# Brinkman charcoal smoker



## CWS4322 (Aug 26, 2011)

Okay--I took my parents' garbage to the dump the other night, and didn't encounter the resident bear...(being that they are in one of the remotest areas of MN, one goes to the dump--no such thing as garbage pickup and there is usually a bear there). Lo and behold, what was there, a Brinkman smoker (complete with charcoal and the racks, and the user manual! Could I leave it there to get crushed and sent the landfill? Not on your life. (Now I just have to go to the UPS Store and get a box big enough to ship it to Ogdensburg, NY so it arrives before the train arrives in Syracuse). I'm thinking smoked salmon...I'm thinking using cherry wood instead of charcoal...my DH is going to kill me for bring home s/one else's trash...but it was such a find! I'm thinking smoked turkey legs...


----------



## Snip 13 (Aug 26, 2011)

Just comes to show, one mans trash is another mans treasure lol! Lucky you  I would have taken it too!!


----------



## pacanis (Aug 26, 2011)

Cut some cardboard up and find some way to cross-brace the inside of it. Vertical smokers get damaged easily, even being shipped by the factory. Some 4" strips cut to length with a notch halfway through in the middle, to make a + should do it. Or maybe even a lot of packing material poured or stuffed into the corners of the box after it is packaged up.

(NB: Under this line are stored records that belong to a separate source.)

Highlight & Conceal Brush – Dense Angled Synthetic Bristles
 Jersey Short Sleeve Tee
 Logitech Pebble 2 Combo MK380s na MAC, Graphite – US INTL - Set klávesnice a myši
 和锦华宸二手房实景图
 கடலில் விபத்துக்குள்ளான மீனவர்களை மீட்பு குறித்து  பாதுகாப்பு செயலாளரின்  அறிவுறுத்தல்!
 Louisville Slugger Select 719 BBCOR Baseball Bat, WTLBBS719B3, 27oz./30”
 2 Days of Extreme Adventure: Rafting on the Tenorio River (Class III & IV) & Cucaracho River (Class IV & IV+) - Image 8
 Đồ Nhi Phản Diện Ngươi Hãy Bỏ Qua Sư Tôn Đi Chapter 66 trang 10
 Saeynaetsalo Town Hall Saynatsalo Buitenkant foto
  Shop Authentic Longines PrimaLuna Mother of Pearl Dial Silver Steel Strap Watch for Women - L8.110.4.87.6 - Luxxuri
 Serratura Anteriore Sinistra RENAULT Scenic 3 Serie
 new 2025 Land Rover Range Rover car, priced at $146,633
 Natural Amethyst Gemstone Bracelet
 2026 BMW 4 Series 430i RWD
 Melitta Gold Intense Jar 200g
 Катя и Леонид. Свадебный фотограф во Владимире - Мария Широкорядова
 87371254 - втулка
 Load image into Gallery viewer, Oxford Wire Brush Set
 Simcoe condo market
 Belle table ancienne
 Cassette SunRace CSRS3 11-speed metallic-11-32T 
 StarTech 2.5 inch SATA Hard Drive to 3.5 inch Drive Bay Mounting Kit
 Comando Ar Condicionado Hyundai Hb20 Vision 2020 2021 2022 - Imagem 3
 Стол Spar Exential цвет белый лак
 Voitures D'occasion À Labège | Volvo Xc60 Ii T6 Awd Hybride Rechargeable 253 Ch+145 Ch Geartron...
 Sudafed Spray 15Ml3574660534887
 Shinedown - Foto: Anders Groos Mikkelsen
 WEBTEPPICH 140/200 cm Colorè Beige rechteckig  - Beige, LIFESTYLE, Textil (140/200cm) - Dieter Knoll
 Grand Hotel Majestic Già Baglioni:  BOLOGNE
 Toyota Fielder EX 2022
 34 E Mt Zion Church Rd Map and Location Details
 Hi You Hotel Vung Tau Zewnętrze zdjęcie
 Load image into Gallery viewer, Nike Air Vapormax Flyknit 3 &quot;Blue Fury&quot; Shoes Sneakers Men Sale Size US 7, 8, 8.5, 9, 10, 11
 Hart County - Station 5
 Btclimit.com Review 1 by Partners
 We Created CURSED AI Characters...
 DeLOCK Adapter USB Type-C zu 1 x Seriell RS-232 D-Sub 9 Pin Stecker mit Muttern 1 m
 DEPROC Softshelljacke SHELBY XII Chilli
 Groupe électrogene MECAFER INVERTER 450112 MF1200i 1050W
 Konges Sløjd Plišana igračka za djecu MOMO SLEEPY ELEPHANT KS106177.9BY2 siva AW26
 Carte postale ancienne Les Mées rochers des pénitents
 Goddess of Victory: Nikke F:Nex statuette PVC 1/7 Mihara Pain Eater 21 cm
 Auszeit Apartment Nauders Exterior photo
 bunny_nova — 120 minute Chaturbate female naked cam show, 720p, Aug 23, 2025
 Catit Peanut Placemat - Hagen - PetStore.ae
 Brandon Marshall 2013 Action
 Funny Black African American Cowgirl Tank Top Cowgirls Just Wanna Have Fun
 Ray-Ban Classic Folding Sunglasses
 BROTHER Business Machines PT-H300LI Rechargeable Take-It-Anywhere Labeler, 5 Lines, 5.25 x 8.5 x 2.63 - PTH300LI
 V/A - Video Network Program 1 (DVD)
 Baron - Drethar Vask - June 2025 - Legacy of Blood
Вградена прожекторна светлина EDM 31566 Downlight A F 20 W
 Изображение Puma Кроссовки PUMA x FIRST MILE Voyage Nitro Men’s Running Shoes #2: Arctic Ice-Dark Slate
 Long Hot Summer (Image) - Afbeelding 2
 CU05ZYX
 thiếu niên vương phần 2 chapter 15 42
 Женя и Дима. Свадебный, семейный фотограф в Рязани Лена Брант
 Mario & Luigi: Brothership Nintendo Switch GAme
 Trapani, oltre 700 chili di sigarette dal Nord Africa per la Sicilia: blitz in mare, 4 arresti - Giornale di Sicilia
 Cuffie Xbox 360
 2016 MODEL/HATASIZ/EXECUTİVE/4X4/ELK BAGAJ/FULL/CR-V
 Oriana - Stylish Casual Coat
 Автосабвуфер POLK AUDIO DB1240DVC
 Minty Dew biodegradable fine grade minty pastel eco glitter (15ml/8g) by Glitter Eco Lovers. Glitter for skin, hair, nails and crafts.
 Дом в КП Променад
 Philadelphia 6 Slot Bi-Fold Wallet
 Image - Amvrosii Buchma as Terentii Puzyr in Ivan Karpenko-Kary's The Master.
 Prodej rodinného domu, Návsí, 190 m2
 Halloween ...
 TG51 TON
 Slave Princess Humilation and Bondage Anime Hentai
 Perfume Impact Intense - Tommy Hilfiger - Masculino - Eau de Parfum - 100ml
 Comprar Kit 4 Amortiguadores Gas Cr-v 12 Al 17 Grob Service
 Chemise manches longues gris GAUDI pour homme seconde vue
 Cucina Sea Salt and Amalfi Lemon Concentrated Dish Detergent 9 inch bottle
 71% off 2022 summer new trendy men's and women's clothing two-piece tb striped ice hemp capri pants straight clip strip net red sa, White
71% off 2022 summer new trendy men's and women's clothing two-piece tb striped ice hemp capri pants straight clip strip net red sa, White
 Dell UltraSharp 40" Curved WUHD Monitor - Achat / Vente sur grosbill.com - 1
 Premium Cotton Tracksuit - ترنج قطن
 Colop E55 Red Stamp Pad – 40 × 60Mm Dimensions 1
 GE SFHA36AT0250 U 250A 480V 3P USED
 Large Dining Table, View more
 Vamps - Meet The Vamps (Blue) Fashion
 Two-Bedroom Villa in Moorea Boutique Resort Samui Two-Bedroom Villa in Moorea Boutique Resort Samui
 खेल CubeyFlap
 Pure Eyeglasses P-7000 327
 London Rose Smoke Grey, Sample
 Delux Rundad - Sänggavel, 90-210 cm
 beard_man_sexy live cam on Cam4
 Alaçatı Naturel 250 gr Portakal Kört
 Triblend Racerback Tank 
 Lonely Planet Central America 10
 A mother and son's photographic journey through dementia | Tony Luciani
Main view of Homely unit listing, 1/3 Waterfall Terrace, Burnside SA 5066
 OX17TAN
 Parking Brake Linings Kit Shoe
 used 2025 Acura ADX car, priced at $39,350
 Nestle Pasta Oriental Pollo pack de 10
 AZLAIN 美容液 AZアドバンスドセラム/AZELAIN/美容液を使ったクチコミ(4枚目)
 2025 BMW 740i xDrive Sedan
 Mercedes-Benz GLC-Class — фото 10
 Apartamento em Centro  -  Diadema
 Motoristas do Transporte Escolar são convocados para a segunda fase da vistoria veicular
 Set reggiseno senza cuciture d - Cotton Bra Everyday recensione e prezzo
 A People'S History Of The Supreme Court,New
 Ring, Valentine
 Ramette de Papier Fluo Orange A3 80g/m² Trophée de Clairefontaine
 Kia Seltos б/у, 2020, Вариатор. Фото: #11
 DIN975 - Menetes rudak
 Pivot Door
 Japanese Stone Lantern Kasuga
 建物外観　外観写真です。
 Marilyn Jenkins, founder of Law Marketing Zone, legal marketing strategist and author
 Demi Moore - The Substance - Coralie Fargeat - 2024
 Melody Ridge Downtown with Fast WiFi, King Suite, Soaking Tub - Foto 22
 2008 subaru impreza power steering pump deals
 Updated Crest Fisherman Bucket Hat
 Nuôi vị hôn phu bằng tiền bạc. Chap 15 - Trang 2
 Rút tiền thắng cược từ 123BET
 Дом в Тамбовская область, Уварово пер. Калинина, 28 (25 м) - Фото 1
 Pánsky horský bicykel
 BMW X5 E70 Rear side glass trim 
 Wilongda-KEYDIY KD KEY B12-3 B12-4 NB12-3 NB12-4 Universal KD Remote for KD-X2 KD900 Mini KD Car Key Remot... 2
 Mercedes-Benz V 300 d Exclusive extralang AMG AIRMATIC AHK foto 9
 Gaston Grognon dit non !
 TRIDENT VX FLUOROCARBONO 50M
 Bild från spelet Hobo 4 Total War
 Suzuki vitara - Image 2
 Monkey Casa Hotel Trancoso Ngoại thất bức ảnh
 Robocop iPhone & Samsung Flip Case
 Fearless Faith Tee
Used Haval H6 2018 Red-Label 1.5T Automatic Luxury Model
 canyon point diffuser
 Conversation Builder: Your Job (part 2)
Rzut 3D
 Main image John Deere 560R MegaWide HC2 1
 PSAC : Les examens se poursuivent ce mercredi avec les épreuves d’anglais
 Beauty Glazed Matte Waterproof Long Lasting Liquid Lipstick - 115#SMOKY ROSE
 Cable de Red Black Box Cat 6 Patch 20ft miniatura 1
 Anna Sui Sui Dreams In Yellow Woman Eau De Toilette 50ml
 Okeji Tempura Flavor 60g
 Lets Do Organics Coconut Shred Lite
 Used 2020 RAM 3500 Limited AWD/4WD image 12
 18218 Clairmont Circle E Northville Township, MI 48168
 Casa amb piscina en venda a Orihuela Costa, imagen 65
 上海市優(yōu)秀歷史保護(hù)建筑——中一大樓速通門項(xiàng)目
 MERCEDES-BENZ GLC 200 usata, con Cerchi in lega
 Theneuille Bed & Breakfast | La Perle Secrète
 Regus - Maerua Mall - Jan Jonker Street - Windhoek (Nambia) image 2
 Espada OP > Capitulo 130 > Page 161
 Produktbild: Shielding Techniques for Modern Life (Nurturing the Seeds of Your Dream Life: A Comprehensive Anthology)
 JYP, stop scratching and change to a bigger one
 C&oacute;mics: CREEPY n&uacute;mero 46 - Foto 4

Good find. Someone was probably hoping someone would find use for it. Around here I can set something remotely useable looking in front of the house and it's gone in ten minutes... as long as there's not a For Sale sign in front of it


----------



## CWS4322 (Aug 27, 2011)

It comes apart, so I have packed it in two boxes with packing materials and cardboard "slices" in between. The "wood" chips that were there were hickory and mesquite. Obviously, the people who left it assumed s/one would pick it up. I always volunteer to take the garbage to the dump--I've found some really cool things there. However, this is the first time I've visited and not driven out, so I have to ship my finds back! I'm looking forward to trying out the smoker.


----------



## 4meandthem (Aug 27, 2011)

Sign on the office door at the dump:


This years office bbq will be cancelled.
We have nothing to cook the bear on
since our beloved smoker has disappeared.


J/K...Nice score I have owned several of them.
I used water soaked cherry chunks on top of the charcoal.
Smoked whole turkey and salmon were my favorites. I did a venison
roast too that I wrapped in Bacon first. Try some different liquids and drop some veggies in the water.


----------



## pacanis (Aug 27, 2011)

Now _that_ was funny!


----------